Brief descriptive captions:
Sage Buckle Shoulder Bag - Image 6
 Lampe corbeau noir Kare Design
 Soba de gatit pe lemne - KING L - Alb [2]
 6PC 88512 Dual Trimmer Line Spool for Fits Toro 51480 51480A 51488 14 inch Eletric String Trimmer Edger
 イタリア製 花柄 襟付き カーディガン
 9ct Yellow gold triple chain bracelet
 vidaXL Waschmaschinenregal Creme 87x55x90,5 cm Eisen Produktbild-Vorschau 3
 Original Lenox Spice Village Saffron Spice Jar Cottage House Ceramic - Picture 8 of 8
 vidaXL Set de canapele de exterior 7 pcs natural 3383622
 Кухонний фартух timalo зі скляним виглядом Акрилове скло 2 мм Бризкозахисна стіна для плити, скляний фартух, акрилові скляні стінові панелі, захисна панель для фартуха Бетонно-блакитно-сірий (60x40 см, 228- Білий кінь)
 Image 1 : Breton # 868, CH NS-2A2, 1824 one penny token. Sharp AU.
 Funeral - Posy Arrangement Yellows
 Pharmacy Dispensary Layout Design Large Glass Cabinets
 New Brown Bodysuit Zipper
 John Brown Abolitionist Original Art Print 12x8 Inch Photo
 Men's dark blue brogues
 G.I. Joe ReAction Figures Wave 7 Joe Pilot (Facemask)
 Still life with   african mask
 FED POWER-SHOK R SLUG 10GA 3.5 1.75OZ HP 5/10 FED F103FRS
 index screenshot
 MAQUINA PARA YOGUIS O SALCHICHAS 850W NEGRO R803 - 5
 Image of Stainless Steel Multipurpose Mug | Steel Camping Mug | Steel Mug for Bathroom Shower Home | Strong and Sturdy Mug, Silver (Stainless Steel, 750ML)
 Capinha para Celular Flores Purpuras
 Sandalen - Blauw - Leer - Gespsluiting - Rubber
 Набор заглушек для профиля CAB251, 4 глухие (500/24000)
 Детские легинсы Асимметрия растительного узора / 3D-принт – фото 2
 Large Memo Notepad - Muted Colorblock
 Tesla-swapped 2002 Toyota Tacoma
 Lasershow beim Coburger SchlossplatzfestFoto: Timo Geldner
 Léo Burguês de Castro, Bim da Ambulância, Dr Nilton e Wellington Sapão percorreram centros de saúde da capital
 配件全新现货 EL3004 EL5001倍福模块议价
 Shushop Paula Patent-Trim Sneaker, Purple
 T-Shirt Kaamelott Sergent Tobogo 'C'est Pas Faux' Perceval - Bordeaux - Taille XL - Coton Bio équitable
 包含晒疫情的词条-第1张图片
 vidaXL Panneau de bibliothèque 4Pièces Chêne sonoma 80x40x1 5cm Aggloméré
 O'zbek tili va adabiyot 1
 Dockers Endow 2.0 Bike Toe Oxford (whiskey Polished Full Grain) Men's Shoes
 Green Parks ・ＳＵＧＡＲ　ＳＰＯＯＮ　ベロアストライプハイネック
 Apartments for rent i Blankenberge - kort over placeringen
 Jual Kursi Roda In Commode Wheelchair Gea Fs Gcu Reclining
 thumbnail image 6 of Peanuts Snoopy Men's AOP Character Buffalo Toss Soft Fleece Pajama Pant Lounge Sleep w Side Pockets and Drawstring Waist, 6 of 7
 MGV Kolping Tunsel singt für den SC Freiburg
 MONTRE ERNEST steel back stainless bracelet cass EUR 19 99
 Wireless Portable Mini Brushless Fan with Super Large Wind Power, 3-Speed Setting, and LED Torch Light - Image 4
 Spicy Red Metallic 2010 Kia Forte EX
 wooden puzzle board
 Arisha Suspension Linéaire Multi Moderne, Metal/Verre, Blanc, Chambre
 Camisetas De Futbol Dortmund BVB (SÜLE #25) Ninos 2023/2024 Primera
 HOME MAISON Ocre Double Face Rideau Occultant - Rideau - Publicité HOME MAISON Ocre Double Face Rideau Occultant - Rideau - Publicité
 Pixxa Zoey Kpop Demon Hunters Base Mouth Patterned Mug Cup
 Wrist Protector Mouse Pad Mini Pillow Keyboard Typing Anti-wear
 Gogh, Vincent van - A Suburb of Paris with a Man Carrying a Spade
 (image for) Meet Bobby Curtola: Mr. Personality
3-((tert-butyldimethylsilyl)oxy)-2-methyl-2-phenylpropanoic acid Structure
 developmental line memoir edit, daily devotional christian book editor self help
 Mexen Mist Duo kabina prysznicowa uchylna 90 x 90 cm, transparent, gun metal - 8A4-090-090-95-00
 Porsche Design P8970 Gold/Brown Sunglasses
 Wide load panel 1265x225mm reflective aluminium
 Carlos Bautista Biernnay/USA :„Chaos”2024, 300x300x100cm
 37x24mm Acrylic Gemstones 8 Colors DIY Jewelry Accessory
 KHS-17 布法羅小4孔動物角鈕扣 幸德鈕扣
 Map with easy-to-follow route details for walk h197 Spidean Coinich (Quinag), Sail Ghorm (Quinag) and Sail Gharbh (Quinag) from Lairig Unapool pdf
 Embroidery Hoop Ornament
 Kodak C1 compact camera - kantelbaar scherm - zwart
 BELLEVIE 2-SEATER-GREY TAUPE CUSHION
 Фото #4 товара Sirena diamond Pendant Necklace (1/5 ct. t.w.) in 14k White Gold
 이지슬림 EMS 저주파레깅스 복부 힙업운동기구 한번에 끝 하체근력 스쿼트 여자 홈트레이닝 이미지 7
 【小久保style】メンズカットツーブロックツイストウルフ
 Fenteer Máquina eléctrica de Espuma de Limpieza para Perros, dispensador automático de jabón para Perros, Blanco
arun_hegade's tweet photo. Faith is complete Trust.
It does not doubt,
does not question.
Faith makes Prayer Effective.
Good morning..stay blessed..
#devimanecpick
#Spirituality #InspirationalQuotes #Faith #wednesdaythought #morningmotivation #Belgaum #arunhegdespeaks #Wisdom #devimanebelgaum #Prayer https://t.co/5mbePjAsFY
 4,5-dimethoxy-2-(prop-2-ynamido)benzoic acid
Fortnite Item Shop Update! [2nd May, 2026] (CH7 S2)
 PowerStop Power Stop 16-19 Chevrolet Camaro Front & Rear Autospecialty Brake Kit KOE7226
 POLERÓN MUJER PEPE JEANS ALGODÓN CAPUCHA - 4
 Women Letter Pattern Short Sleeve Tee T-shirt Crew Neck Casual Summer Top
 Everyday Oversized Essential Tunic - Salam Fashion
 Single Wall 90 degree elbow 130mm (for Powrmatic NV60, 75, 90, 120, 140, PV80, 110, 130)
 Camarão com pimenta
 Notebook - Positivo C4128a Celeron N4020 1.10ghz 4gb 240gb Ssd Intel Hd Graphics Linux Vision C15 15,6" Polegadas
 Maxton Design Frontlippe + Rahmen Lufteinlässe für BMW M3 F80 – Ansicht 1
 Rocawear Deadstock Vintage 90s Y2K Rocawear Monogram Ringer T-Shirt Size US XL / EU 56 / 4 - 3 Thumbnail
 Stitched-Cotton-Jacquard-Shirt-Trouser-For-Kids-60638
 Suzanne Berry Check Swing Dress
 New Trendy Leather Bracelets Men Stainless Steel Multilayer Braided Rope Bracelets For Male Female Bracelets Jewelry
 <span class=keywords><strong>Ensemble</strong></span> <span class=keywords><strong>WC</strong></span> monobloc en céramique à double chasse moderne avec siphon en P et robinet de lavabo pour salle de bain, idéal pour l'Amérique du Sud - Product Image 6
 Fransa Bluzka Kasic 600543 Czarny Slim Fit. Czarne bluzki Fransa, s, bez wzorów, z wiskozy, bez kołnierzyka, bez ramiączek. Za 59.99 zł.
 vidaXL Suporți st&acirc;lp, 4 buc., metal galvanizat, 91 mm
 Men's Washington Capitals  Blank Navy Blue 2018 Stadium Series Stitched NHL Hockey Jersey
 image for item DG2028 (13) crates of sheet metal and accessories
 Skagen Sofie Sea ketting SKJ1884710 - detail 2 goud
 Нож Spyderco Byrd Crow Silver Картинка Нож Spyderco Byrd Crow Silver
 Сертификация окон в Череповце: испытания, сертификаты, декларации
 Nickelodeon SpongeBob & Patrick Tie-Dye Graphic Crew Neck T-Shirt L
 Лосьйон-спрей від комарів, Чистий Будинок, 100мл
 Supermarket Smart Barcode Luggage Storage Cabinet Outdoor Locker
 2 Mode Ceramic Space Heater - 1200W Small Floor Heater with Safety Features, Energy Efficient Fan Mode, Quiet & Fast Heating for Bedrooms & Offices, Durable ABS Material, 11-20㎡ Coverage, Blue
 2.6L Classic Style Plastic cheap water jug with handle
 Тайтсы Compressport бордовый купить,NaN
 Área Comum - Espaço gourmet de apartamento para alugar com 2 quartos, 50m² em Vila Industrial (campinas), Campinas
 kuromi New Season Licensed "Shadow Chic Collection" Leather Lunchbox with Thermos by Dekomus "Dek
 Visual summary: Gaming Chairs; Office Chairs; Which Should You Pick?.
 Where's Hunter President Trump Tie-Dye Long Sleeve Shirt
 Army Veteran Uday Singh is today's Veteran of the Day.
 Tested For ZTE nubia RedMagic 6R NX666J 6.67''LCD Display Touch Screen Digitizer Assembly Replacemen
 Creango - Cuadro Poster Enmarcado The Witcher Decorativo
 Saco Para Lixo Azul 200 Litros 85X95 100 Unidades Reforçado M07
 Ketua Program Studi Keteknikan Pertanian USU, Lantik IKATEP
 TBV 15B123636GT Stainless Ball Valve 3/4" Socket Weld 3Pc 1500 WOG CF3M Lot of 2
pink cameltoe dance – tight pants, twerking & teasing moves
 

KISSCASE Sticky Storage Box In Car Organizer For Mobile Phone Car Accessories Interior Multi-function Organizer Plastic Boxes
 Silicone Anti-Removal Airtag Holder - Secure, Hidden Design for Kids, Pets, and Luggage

• _WORK REQUEST_
Take the stretch of lines above from the one containing "Детские легинсы Асимметрия" through the one containing "Jual Kursi Roda" and repeat it exactly, adding no other line.

• _ANSWER TO THIS TASK_
 Детские легинсы Асимметрия растительного узора / 3D-принт – фото 2
 Large Memo Notepad - Muted Colorblock
 Tesla-swapped 2002 Toyota Tacoma
 Lasershow beim Coburger SchlossplatzfestFoto: Timo Geldner
 Léo Burguês de Castro, Bim da Ambulância, Dr Nilton e Wellington Sapão percorreram centros de saúde da capital
 配件全新现货 EL3004 EL5001倍福模块议价
 Shushop Paula Patent-Trim Sneaker, Purple
 T-Shirt Kaamelott Sergent Tobogo 'C'est Pas Faux' Perceval - Bordeaux - Taille XL - Coton Bio équitable
 包含晒疫情的词条-第1张图片
 vidaXL Panneau de bibliothèque 4Pièces Chêne sonoma 80x40x1 5cm Aggloméré
 O'zbek tili va adabiyot 1
 Dockers Endow 2.0 Bike Toe Oxford (whiskey Polished Full Grain) Men's Shoes
 Green Parks ・ＳＵＧＡＲ　ＳＰＯＯＮ　ベロアストライプハイネック
 Apartments for rent i Blankenberge - kort over placeringen
 Jual Kursi Roda In Commode Wheelchair Gea Fs Gcu Reclining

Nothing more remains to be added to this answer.